Australia is famous for its wide and diversified exports. These include such valuable commodities as Neighbours, Pantomime Actors, Barmen and Midget Singers.
Other major exports include Paul Hogan, the Baby carrot , coon cheese, Tasmanian heroin, shrimp on the barbie, talking koala bears, Turd Burgers (see Australian Idol), Yarm, and of course VeeBee..Australian for (cheap) beer.
Demographics
All Aussies, are actually descendents of wizard-murderers, since convicts of Askaban founded the country. Although most of them don't know it, they have to ability to make anyone's head asplode.
The only way to tell if someone is Australian is to poke them with a sharp stick and offer them a beer. If they respond with 'where's the Fish 'n' Chops, mate' they're clearly not Australian, but are the funny talking relative, the New Zealander (also known as the swimming convict).
Other indications that someone may be Australian is the general absence of footwear and a copious number of empty beer cans/bottles around them.
Current pattern
- 94% Scody kiwis, banished from their homeland for shagging sheep.
- 33% Descendents of Askaban convicts.
- 32% Kangaroos
- 22% Alcoholics
- 12% Kung Fu Geniuses
- 7% Japanese tourists
- 2% Prashbi
- 8% Famous Australians
Note: some Strayens fall into more than one of the above categories
Culture
Australian culture is wide and diverse, if you aren't a Seppo ie stupid American( isn't that tautology). Much of Australia's culture lies in upholding the cultural barriers between themselves and their neighbour New Z-land, and seriously giving the seppos as much stick as possible.

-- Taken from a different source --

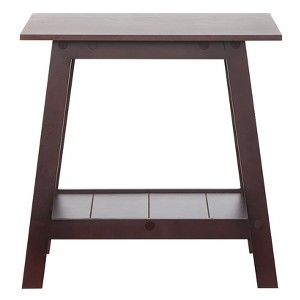 The Lakeside Collection Rectangle Style Accent Table 21.5"W x 15.7"D x 22"H - 1 of 3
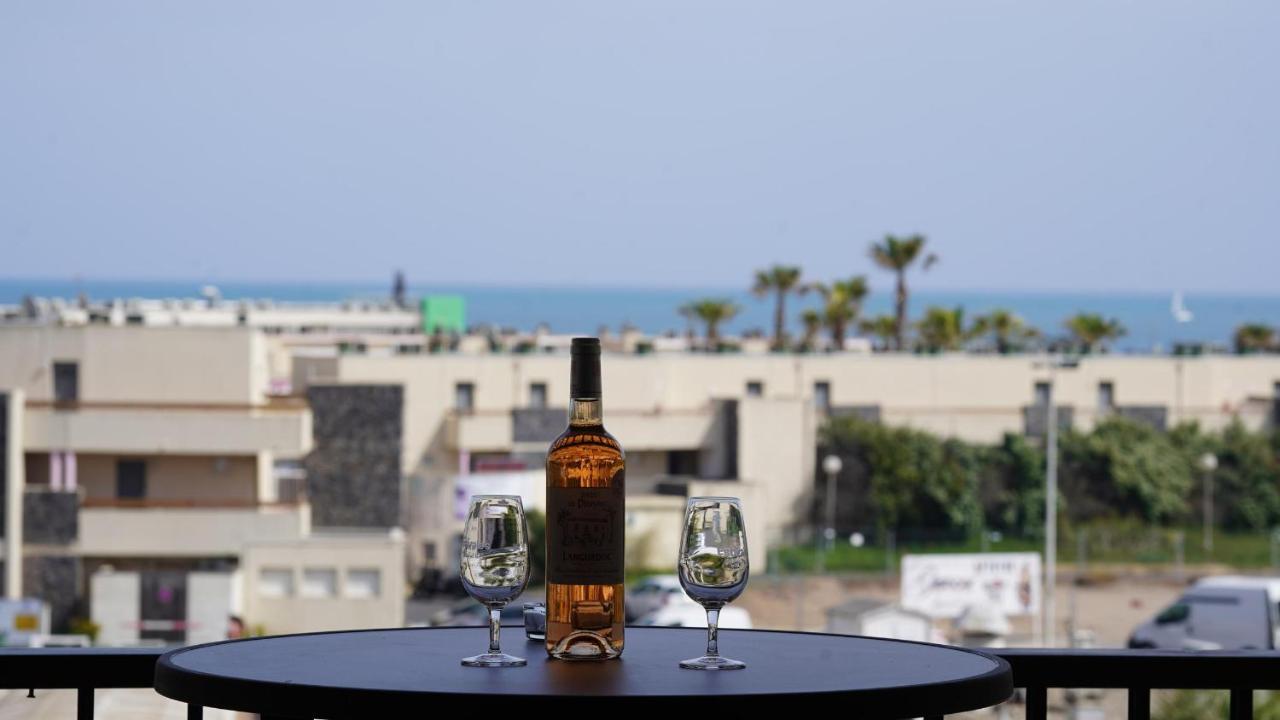 אגדה Village Naturiste R4N - Le Bacchus Heliopolis Luxe מראה חיצוני תמונה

Every year the greatest thinkers and philosophers of Australia gather to hold a ``Why we aren't like America" contest. This has come into contention due to the continual re-election of John Howard, who couldn't bowl a decent offie to save his life. The use of ancient Zen and drunken-master techniques is taken as a sign of weakness on the sheep's part and punished by the ingestion of unsweetened chocolate. The winners are rewarded with free booze and their opponent's first-born child. The losers walk around drunk without pants. After enjoying the tastes of victory, the winners do the same. (It is in fact illegal in Australia to be sober at any given time.) Another charming aspect of Australian culture is the humiliation of other nations. We often do this to make us feel prud due to our constant lack or self esteem. A prime example is the koala, whose only purpose is to lure in Japanese tourists with furry good looks and leaf-eating predilections. Once cuddled up in the victim's arms for a photo opportunity, the koala slashes major blood vessels with its razor-like claws, causing instant, (and often permanent) death. This is due to the australian governments alience incredibly smart plan of mutating animals to eventually take over the world, however in some cases the mutations haven't been so successful, such as the dingo, who often accidently attacks its own people (almost as thick as the aussies) The Japanese would have put a stop to this long ago, were it not for Australia's strategic advantage (see "Politics and Government").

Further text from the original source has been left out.